[Entries taken from a collection]
================
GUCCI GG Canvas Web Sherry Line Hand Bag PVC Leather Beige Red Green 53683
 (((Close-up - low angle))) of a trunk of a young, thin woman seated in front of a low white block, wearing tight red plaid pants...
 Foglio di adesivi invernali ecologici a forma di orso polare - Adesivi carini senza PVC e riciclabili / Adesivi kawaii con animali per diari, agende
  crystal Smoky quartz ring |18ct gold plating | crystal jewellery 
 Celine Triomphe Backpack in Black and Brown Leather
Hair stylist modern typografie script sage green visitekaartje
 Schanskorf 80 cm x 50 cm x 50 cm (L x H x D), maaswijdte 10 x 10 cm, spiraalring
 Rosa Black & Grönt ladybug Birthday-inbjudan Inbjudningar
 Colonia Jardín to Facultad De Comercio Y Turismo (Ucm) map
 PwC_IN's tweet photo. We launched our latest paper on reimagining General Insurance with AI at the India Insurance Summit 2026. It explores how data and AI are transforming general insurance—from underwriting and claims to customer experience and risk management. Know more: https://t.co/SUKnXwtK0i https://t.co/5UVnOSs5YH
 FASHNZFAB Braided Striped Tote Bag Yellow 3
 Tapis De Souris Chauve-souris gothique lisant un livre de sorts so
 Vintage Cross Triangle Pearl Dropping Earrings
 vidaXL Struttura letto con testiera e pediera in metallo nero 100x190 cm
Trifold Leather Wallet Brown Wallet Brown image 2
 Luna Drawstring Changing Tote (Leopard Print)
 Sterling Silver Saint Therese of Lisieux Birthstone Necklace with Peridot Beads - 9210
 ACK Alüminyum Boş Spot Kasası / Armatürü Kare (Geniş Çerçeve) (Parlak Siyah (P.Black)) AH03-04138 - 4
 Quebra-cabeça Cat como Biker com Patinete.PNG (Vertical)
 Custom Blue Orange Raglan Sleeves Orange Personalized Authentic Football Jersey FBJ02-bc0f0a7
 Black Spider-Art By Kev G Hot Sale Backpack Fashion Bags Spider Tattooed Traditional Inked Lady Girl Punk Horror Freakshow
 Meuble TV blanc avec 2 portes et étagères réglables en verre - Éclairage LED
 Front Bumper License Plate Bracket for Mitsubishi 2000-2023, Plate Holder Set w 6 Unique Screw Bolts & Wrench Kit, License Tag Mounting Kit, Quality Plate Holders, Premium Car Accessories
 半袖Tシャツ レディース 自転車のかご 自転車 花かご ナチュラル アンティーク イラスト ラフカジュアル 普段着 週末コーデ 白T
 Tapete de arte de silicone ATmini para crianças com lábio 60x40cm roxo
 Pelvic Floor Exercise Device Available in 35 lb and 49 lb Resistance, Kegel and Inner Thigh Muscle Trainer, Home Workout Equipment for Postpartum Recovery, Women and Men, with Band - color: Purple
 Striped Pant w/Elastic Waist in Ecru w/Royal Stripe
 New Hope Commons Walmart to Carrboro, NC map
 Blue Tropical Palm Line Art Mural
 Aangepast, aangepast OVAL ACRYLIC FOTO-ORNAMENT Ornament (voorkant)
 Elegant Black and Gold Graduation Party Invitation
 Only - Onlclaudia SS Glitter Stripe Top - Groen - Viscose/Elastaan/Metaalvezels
================
» **Task goal**
Go through the entries above and copy each line holding the string "Brown".

» **Solution to this task**
 Celine Triomphe Backpack in Black and Brown Leather
Trifold Leather Wallet Brown Wallet Brown image 2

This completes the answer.